The World Health Organization sounded the alarm based mostly on the number and types of mutations in the variant, but what those mutations mean for how easily it spreads, how much vaccines protect against it and how severe symptoms are will take time to figure out.
And although the omicron variant has not been spreading in the U.S. to date, Dr. Adam Lauring, a virologist and infectious disease specialist, states that it is only a matter of time.
“We’ve had every other variant in the U.S. and probably here in Michigan,” he said. “You name it, we’ve had it: mu, lambda, alpha, beta, gamma, delta, epsilon– so I don’t see why we won’t have this one.”
What’s remarkable about omicron is that it has more than 30 mutations on the spike protein, specifically on the receptor binding domain, which the virus uses to attach to cells and is also a primary target for antibodies.
Researchers around the world are currently using neutralization assays to determine how well antibodies work against the omicron variant.
“With a neutralization assay, you take a vaccinated person’s blood and measure how well their antibodies block the virus. I would not be surprised if there’s a reduction, based on the mutations that are in spike in this variant.”
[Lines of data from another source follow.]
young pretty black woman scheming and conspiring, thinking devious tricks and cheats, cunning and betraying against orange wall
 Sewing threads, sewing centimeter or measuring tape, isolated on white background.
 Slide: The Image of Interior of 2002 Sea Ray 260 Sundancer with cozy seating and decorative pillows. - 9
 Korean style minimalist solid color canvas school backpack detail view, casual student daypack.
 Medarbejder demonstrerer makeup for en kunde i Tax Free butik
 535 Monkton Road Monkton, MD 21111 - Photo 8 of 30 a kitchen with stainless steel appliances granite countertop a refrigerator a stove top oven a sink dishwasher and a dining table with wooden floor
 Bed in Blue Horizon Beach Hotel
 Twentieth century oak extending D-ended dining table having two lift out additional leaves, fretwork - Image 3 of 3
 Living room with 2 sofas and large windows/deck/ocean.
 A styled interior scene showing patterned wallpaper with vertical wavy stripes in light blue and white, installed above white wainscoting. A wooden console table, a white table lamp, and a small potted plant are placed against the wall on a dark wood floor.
Dr. Lauring expects data from those tests to be available within the next week. Similar tests will be used to assess the monoclonal antibody therapies used for people at high-risk for severe COVID-19 disease.
While delta is currently spreading like wildfire, the question top of mind for many is, could omicron be worse?
Despite some early reports based on a cluster of cases in South Africa, Lauring says it’s too soon to say whether omicron is more transmissible than delta.
More insight into the spread of delta vs. omicron will likely come from other countries like Germany, where delta is currently circulating and where omicron clusters have popped up.
Lauring estimates early data on the growth rate of the omicron variant versus the delta variant will be available in two to four weeks.
Will vaccines work against omicron?
Naturally, one of the biggest questions among the vaccinated is will my COVID vaccine still protect me from the omicron variant?
Lauring says in all likelihood, the vaccine’s protection against infection may decline but protection against severe disease will remain in place. “I still have confidence that the vaccine will protect me from getting severely ill.”
He reiterates that antibodies are only part of the puzzle.
Antibodies protect against infection, the viruses’ ability to gain entry into cells in the respiratory tract and start to grow, but other important parts of the immune system come into play, like memory cells and T cells, to greatly reduce the chance for an infection to wreak havoc and cause severe disease, hospitalization and death.
The Centers for Disease Control and Prevention expanded their recommendation for COVID vaccine booster doses on November 29, to say all adults should get a booster if they are more than 6 months out from their primary series.
Based on what is known about the immune system, repeated exposure to the spike protein through a vaccine booster may help broaden the antibody response.
Is the omicron variant more deadly?
The wait to understand how severe omicron is, meaning the types of symptoms and health outcomes it causes, will be the longest.
There are numerous variables that come into play, including how old a person is, whether they have comorbidities, how big a wave of cases is in a given area, and whether health systems are overwhelmed, noted Lauring.
Whether COVID vaccines will need updating to be more specifically effective against omicron is unknown, and likely to be a policy decision based on data that will take time to obtain. In the meantime, Lauring suggests people sit tight.